Dataset content section start

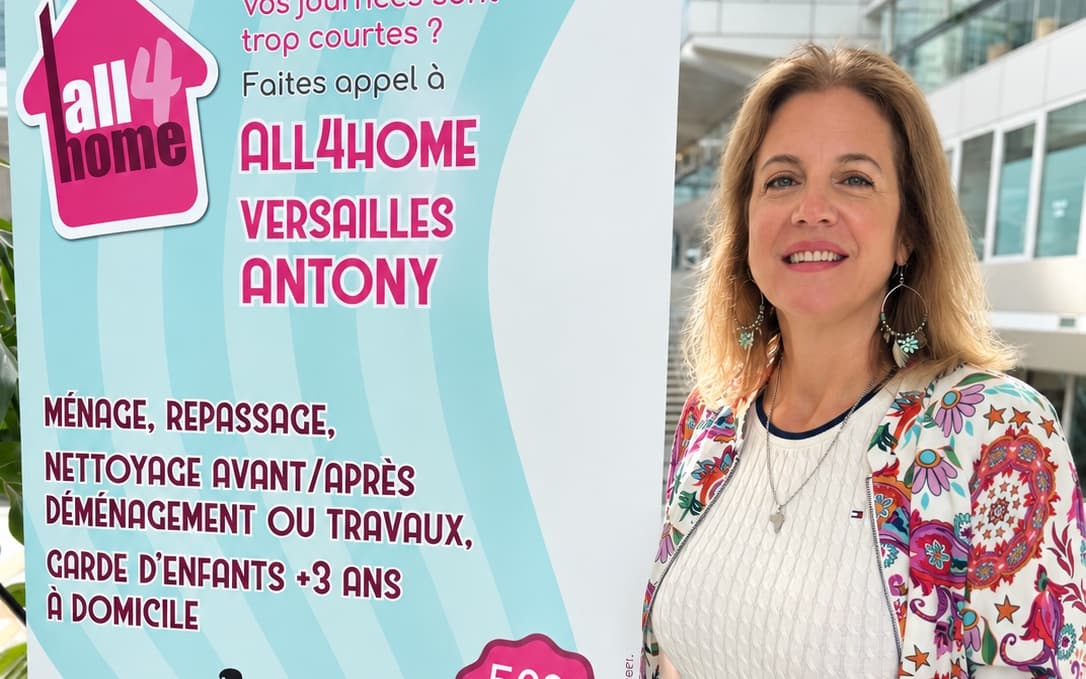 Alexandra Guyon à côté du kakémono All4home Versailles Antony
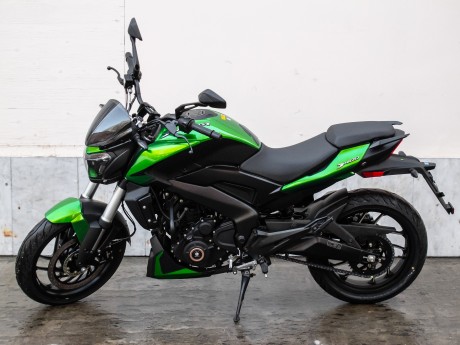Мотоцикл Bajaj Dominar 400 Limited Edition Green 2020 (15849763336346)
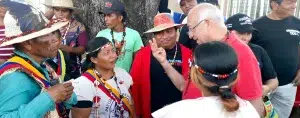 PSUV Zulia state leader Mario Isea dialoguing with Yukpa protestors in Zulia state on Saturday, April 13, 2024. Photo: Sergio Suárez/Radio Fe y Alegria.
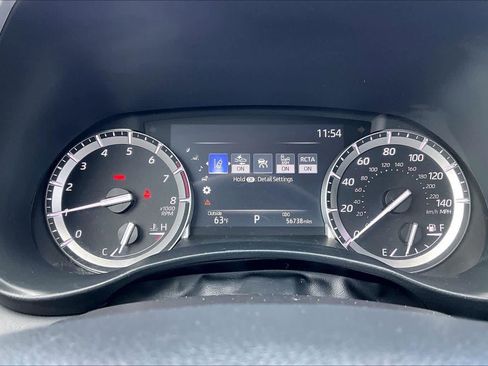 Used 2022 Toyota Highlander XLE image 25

Dataset content section end

Your assignment
Reproduce the listing exactly, but keep its images out of the copy.

Answer to the problem
 Alexandra Guyon à côté du kakémono All4home Versailles Antony
Мотоцикл Bajaj Dominar 400 Limited Edition Green 2020 (15849763336346)
 PSUV Zulia state leader Mario Isea dialoguing with Yukpa protestors in Zulia state on Saturday, April 13, 2024. Photo: Sergio Suárez/Radio Fe y Alegria.
 Used 2022 Toyota Highlander XLE image 25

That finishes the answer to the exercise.